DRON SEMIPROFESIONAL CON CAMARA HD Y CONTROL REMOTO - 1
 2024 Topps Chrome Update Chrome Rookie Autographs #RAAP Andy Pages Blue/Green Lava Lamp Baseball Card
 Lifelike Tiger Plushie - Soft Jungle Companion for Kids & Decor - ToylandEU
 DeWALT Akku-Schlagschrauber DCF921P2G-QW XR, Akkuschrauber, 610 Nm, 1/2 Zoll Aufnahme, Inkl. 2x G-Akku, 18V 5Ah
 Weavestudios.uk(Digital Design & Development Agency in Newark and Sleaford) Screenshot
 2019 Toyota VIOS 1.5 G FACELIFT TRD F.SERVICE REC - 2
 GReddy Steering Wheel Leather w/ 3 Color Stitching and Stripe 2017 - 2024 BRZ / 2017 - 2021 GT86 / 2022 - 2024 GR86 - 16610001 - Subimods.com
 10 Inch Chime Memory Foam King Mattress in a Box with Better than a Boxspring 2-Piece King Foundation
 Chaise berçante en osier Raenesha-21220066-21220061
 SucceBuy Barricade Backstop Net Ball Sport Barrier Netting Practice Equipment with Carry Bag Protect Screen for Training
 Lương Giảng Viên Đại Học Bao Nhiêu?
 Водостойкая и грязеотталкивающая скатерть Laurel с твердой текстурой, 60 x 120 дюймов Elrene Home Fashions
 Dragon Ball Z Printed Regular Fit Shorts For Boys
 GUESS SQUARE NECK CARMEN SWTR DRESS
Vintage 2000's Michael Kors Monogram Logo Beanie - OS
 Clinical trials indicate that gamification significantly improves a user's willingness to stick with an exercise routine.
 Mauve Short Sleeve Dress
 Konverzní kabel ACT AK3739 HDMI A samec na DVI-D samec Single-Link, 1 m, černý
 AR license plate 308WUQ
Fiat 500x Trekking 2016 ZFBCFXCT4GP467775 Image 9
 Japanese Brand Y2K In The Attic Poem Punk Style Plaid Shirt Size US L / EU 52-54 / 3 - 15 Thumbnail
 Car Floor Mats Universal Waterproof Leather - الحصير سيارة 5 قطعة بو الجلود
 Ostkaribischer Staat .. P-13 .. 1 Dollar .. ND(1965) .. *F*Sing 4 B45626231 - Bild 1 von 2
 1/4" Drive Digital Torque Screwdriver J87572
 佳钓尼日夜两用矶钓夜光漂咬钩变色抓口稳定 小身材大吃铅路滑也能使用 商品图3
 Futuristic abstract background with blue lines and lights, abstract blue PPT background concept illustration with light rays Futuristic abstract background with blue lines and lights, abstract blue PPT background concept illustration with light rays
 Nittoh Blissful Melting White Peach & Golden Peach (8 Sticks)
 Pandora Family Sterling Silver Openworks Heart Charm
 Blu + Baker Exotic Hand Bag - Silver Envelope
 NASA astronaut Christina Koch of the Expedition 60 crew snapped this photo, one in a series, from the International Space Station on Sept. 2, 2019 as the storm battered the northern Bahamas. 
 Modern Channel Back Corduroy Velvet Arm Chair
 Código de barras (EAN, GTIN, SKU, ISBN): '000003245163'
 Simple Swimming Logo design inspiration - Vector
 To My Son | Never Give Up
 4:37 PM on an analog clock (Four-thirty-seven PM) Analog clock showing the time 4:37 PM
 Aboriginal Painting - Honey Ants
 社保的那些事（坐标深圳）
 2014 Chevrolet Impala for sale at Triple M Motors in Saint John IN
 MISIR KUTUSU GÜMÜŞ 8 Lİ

---

#### [WORK ITEM]
In the listing above, each line with the word "Digital" is to be copied out.

#### [EXERCISE RESULT]
 Weavestudios.uk(Digital Design & Development Agency in Newark and Sleaford) Screenshot
 1/4" Drive Digital Torque Screwdriver J87572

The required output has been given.